To do » Nothing outside the stretch is wanted. Repeat exactly the lines of the listing below from the one that contains "Thanks Justin, and" through the one that contains "Now let's do", both ends included.

Records to use »

━━━━━━━━━━━━━━━━

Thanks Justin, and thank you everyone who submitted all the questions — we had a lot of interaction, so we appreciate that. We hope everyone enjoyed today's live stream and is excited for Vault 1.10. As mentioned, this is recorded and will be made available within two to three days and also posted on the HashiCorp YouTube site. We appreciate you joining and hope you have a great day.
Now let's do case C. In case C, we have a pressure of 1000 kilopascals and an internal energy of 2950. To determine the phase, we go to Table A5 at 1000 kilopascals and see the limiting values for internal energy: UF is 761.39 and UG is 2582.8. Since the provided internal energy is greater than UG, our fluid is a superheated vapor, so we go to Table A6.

━━━━━━━━━━━━━━━━

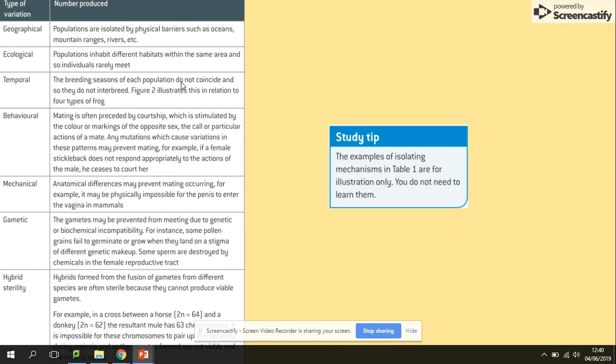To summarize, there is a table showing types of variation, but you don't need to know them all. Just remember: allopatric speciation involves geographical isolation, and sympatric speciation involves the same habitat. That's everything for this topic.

━━━━━━━━━━━━━━━━

Final answer »
Thanks Justin, and thank you everyone who submitted all the questions — we had a lot of interaction, so we appreciate that. We hope everyone enjoyed today's live stream and is excited for Vault 1.10. As mentioned, this is recorded and will be made available within two to three days and also posted on the HashiCorp YouTube site. We appreciate you joining and hope you have a great day.
Now let's do case C. In case C, we have a pressure of 1000 kilopascals and an internal energy of 2950. To determine the phase, we go to Table A5 at 1000 kilopascals and see the limiting values for internal energy: UF is 761.39 and UG is 2582.8. Since the provided internal energy is greater than UG, our fluid is a superheated vapor, so we go to Table A6.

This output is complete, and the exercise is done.